■ **REQUIRED ACTION**: Repeat each line of the data exactly as written.

(Items from a dataset)
┌────────

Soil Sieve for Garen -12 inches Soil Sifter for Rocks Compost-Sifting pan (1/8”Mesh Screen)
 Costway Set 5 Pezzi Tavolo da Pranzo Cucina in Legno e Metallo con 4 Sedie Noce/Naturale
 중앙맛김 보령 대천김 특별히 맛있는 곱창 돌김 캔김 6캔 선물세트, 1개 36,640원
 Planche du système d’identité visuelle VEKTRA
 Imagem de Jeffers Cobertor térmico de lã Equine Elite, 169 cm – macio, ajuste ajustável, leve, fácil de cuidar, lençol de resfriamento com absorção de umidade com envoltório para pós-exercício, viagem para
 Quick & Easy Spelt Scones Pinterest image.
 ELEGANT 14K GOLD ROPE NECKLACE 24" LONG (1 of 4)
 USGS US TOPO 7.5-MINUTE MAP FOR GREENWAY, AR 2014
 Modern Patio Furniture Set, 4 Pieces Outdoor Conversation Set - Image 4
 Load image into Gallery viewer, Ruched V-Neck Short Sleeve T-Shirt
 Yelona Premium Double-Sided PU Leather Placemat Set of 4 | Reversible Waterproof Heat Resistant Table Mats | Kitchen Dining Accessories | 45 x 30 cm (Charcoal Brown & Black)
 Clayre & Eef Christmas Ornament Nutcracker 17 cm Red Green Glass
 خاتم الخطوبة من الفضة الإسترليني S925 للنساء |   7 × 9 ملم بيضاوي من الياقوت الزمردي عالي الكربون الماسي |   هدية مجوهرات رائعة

└────────

■ **ANSWER TO THIS EXERCISE**:
Soil Sieve for Garen -12 inches Soil Sifter for Rocks Compost-Sifting pan (1/8”Mesh Screen)
 Costway Set 5 Pezzi Tavolo da Pranzo Cucina in Legno e Metallo con 4 Sedie Noce/Naturale
 중앙맛김 보령 대천김 특별히 맛있는 곱창 돌김 캔김 6캔 선물세트, 1개 36,640원
 Planche du système d’identité visuelle VEKTRA
 Imagem de Jeffers Cobertor térmico de lã Equine Elite, 169 cm – macio, ajuste ajustável, leve, fácil de cuidar, lençol de resfriamento com absorção de umidade com envoltório para pós-exercício, viagem para
 Quick & Easy Spelt Scones Pinterest image.
 ELEGANT 14K GOLD ROPE NECKLACE 24" LONG (1 of 4)
 USGS US TOPO 7.5-MINUTE MAP FOR GREENWAY, AR 2014
 Modern Patio Furniture Set, 4 Pieces Outdoor Conversation Set - Image 4
 Load image into Gallery viewer, Ruched V-Neck Short Sleeve T-Shirt
 Yelona Premium Double-Sided PU Leather Placemat Set of 4 | Reversible Waterproof Heat Resistant Table Mats | Kitchen Dining Accessories | 45 x 30 cm (Charcoal Brown & Black)
 Clayre & Eef Christmas Ornament Nutcracker 17 cm Red Green Glass
 خاتم الخطوبة من الفضة الإسترليني S925 للنساء |   7 × 9 ملم بيضاوي من الياقوت الزمردي عالي الكربون الماسي |   هدية مجوهرات رائعة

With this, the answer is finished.